• **Record extracts**
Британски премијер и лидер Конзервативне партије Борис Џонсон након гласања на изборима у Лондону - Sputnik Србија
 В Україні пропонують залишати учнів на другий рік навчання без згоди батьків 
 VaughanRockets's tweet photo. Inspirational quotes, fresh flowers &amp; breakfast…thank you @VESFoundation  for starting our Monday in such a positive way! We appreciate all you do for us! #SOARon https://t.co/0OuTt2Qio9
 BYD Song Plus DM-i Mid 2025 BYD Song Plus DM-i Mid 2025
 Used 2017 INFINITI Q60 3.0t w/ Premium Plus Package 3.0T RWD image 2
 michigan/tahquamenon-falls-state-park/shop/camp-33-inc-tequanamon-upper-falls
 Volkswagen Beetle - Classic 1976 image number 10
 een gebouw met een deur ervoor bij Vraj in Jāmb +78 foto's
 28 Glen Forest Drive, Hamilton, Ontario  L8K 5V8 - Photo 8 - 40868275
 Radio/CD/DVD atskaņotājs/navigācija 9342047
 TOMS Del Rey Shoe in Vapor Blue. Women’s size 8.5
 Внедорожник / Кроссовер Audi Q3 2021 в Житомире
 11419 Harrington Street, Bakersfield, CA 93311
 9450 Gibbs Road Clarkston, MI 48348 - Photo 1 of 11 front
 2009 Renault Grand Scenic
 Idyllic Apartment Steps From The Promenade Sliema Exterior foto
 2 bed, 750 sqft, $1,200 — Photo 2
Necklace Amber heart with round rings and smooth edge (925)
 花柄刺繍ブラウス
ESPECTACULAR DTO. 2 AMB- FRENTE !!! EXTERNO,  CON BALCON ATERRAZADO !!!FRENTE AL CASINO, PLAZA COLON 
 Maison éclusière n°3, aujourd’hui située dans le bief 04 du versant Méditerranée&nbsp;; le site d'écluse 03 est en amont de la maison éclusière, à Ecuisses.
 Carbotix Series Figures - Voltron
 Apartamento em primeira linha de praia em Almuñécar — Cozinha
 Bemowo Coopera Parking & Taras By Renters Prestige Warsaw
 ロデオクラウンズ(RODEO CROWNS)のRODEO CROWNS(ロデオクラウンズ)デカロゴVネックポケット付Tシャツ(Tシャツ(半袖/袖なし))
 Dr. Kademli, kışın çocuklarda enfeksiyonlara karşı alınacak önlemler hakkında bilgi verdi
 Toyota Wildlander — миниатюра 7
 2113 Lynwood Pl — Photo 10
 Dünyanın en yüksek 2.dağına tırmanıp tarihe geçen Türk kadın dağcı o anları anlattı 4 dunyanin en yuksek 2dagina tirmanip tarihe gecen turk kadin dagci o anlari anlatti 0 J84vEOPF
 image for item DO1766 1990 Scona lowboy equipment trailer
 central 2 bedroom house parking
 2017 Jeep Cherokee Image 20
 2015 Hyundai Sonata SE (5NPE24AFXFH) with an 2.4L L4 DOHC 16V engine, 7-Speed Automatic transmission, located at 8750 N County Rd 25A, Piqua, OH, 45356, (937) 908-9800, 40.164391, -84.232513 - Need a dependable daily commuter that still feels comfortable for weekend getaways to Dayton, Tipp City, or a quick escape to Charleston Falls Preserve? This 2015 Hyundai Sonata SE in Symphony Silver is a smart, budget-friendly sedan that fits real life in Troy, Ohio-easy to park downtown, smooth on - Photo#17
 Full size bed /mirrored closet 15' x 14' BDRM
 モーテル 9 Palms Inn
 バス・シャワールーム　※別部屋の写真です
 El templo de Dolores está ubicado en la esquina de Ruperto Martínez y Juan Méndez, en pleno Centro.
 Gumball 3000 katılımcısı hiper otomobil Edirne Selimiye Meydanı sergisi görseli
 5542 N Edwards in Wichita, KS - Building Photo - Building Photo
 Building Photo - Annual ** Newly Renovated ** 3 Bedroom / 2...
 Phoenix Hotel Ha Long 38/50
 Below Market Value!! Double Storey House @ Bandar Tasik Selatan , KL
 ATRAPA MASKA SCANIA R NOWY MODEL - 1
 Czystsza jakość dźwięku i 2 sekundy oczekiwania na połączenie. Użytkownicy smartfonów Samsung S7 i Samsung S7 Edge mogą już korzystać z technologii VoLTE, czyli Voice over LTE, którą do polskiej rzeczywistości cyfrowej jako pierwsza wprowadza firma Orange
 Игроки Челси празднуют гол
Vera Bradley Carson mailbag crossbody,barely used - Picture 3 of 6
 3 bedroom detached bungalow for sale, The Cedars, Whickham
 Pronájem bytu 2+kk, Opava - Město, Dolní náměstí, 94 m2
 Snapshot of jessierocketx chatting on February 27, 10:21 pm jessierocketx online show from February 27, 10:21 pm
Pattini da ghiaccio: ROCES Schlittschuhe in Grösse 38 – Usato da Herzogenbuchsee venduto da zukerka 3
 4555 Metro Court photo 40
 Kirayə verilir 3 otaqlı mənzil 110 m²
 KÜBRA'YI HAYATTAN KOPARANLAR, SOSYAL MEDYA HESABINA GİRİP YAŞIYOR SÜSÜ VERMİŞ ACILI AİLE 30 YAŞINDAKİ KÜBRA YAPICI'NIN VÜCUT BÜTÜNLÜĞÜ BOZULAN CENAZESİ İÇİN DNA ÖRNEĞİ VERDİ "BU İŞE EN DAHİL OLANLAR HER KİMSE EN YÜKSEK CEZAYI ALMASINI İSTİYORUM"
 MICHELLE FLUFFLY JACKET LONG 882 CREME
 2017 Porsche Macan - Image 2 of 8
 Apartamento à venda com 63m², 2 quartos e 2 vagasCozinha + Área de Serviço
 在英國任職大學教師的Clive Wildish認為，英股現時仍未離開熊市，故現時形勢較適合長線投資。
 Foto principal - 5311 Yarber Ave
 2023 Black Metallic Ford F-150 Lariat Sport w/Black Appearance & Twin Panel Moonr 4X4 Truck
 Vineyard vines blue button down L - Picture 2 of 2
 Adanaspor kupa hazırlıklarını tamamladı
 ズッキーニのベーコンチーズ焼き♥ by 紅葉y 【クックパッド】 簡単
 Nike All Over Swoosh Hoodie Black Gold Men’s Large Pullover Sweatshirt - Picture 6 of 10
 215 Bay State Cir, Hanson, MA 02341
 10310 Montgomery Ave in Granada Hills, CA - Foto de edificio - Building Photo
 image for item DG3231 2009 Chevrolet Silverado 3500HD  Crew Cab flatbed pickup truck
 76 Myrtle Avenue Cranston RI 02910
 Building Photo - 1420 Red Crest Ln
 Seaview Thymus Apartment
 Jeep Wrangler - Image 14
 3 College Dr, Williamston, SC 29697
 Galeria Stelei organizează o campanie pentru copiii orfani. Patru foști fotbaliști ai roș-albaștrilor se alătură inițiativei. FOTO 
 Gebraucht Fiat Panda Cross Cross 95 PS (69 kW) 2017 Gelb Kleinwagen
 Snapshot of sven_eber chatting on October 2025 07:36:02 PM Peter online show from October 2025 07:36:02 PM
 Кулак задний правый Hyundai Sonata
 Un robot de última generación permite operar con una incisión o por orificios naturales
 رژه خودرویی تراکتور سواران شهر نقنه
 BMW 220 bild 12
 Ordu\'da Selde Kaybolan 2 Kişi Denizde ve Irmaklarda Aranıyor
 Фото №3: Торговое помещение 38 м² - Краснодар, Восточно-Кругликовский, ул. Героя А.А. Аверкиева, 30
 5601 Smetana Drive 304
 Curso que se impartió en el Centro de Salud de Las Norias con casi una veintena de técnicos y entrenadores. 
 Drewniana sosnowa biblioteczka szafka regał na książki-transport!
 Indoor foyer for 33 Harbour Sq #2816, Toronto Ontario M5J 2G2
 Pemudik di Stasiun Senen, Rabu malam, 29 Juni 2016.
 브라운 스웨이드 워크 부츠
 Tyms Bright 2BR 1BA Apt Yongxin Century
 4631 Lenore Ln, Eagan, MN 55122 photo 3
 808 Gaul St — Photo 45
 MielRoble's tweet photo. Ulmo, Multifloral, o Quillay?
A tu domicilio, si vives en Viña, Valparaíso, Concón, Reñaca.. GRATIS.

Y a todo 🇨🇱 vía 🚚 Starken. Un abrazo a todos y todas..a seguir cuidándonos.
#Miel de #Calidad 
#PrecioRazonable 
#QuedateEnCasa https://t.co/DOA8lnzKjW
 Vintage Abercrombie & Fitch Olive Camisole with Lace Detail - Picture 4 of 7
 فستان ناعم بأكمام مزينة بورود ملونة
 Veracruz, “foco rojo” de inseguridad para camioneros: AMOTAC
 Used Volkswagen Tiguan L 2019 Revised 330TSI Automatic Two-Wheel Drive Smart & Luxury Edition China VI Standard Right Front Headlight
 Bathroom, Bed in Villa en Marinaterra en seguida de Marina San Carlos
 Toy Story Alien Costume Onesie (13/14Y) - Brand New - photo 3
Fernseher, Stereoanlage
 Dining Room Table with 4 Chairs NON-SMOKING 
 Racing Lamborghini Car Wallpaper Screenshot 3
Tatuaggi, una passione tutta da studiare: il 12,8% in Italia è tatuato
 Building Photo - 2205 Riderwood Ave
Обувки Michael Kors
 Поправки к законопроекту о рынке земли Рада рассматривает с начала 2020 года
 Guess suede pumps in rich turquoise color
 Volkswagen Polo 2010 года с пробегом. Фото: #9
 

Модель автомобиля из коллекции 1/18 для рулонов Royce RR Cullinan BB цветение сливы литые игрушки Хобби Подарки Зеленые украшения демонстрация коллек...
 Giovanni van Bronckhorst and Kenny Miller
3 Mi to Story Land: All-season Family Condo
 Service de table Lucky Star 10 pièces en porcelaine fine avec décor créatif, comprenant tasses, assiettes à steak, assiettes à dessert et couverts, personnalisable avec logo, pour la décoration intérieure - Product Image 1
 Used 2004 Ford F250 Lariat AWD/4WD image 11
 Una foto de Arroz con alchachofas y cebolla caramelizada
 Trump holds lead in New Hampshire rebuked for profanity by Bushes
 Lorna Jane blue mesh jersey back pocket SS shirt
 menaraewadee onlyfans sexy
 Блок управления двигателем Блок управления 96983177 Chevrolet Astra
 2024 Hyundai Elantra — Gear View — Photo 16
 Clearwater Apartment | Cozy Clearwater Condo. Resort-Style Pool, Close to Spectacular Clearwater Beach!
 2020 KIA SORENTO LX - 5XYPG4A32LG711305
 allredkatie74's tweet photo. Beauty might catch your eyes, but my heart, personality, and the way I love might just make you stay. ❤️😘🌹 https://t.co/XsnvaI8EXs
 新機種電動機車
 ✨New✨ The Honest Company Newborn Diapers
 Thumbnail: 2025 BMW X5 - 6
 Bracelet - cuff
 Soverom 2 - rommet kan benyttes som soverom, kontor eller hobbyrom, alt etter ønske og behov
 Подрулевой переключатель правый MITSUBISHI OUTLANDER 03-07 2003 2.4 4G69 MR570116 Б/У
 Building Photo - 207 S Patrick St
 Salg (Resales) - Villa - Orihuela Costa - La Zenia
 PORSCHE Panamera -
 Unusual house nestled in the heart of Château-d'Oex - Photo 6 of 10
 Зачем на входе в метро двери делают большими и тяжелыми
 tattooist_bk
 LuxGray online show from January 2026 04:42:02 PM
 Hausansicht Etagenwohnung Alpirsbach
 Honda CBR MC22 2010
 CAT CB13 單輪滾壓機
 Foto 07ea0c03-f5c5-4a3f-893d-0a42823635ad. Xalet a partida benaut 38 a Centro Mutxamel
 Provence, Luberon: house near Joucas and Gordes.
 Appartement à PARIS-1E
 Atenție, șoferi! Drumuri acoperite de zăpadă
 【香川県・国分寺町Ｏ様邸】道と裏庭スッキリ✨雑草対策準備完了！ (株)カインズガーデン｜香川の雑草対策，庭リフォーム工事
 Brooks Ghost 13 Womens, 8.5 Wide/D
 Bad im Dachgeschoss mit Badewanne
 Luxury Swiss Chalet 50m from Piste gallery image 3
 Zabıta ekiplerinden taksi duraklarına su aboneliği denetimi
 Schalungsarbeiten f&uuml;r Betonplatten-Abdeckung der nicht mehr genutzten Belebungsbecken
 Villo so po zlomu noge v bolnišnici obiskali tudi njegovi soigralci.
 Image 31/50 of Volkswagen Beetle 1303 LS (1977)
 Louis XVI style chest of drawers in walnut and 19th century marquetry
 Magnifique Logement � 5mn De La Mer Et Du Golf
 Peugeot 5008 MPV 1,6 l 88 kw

• **Prompt**
Reproduce the entries above exactly, but only the lines between the line holding "Toyota Wildlander — миниатюра 7" and the line holding "Dünyanın en yüksek", inclusive.

• **Reply**
 Toyota Wildlander — миниатюра 7
 2113 Lynwood Pl — Photo 10
 Dünyanın en yüksek 2.dağına tırmanıp tarihe geçen Türk kadın dağcı o anları anlattı 4 dunyanin en yuksek 2dagina tirmanip tarihe gecen turk kadin dagci o anlari anlatti 0 J84vEOPF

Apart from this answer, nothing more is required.